I've had issues with the SD card causing the display to either flicker or annoyingly change brightness while streaming files, and yesterday I found a solution for this.
The problems were several:
1) I called SD.begin() every read.
Once during setup is sufficient. Shaved of 10 ms per read leading to overall speed boost.
Calling SD.begin() so often also caused stability problems that could make the SD card stop working all of a sudden for apparently no reason.
The only reason I did this was because I believed it necessary since I share the SPI port between the display and the SD card reader. And since the display needs a begin-call before showing anything at all I believed the same goes for the SD card reader. Shame on me and RTFM!
2) Uneven brightness.
This was rectified by calculating the worst case scenario and simply delaying processing until at least that time has passed. I.e during no loading a delay of 12 ms was present. During loading I delayed from 0.9 ms to 5 ms. I.e delay 12 000 microseconds minus the amount of microseconds passed since loading started. This is to ensure that a solid framerate is used so that each frame has a certain time-slot to live in.
Of course, in a future update I will be processing other data instead of just wastes cycles during that wait time. That's the beauty of a micro processing unit - you can rely on the time it takes to process things to be constant since there's no OS or other processes that hog the resources.

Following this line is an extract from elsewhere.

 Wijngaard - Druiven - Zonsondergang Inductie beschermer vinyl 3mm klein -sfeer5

There's of course a bit of interrupts etc that fire every now and then, but then we're talking microsecond differences at most.

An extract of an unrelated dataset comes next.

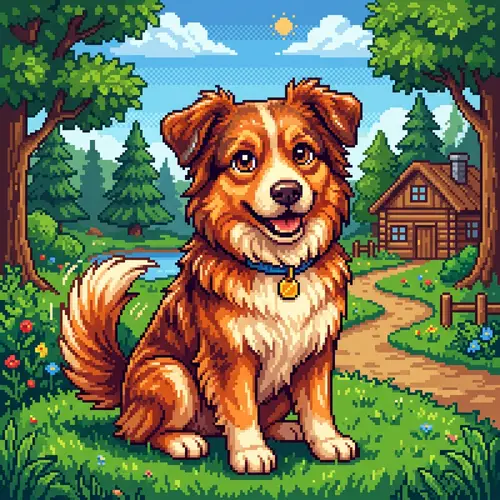 Detailed Dog Pixel Art: Retro Style Canine Image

Using these two tricks I've managed to squeeze out 40 solid frames per second that doesn't flicker or change intensity/brightness when streaming. Streaming becomes seamless and invisible, which is the way it should be.
40 fps is far from ideal and actually makes the whole display flicker when you don't focus your eyes on it. Since most of the time you're actually not looking at the display you get this annoying flicker in the corner of your eyes while playing. I can assure that staring at this display gives you headache. Trust me.
By analyzing where the time culprits are I've managed to see that the first opening of a file (i.e finding the file on disk) takes a whopping 11 ms, while reading 512 bytes takes 5 ms (slow, I know). If I somehow am able to minimize the open file time I can get 82 FPS instead (much better!) by setting the max delay time to around 6ms instead of 12ms.
I've come up with a byte compression scheme that will allow me to send the same amount of data in almost 1/3 of the time by cutting away all the wasted space. Basically - with 8 color levels used only the three least significant bits are actually being used: B00000111 = 7.
What I'm currently doing, and is allowed during testing, is to send the whole byte which wastes 5 bits for nothing! So by taking the first 3 bits of eight pixels I get three bytes to send in the end.
So instead of sending 4096 bytes for a full frame I send 1366 bytes (and get 2 wasted bits).
While not doing very much for the actual refresh rate of the screen, it triples the refreshrate of the animations, thus making smoother animations.